The Complex

THE COMPLEX クロユリ団地 (Japan, 2013)
North American Premiere
106 minutes, HD CAM, in Japanese with English subtitles
Directed by: Hideo Nakata
Starring: Atsuko Maeda, Hiroki Narimiya, Masanobu Katsumura, Sosei Tanaka

We’re as surprised as anyone else to be showing a J-horror movie in this year’s line-up because, let’s face it, the genre is as dead as disco. But, like disco, some of its biggest stars can still deliver virtuoso thrills, and no one has the chops of Hideo Nakata, the director who kicked the whole thing off with The Ring 15 years ago. With THE COMPLEX he breathes new life into these spooky old lungs, delivering a movie that starts as a bright and cheerful family drama then putrefies into something much softer, wetter, and darker.

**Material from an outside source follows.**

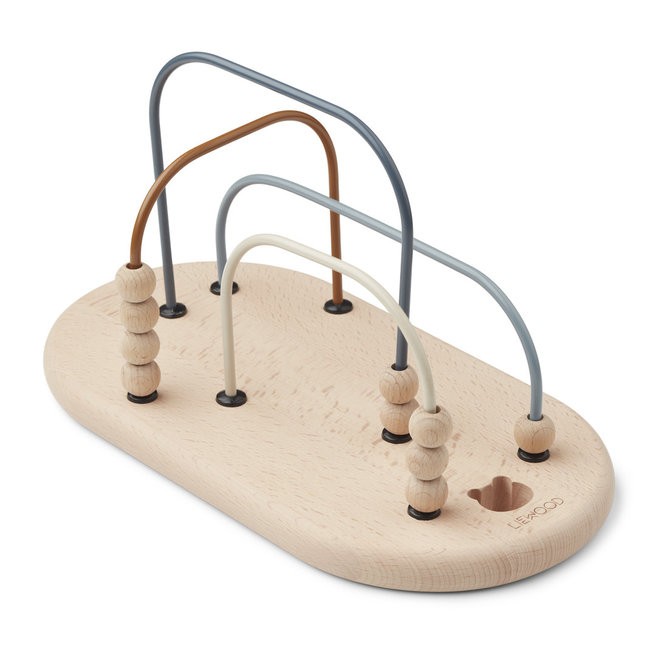 Liewood - Ronald bead maze - Blue mix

Atsuko Maeda (lead singer of the enormously popular group, AKB48) is a nursing student whose shiny, happy family moves into a crumbling old apartment complex. Mom loves the place, dad is his grumpy old self, and her younger brother is a big ball of cute. Atsuko even bonds with a lonely little kid out by the playground who seems to have no adult supervision. The only bummer is the noise from the adjoining apartment. Every morning, an alarm clock from next door wakes Atsuko up early, and every night there’s a weird scratching sound coming from the walls. Finally, her desperation for a good night’s sleep overcoming her natural shyness, Atsuko ventures next door and discovers that the elderly neighbor has died while clawing his way through her bedroom wall with his fingernails.

But the removal of his corpse doesn’t spell the end of her problems because a few days later she comes home from school and her entire family has disappeared. And this is where THE COMPLEX truly lives up to its title becoming a wildly complex freak show of exorcisms gone bad, evil children, nightmarish time loops, occult cleaning services, and reanimated corpses. But what makes this movie stand out is its depiction of modern day Japan as a nation of lonely people. From the old man who dies next door with no family to claim his body, to the kid on the playground whose parents are too busy to give him a curfew, to Atsuko herself who doesn’t have any friends at school and whose interactions with her parents are weirdly formal and unaffectionate, in THE COMPLEX modern life is the most horrifying thing of all, a place where we’re all just lonely ghosts going through the paces and when we’re in trouble no one is around to hear our cries for help.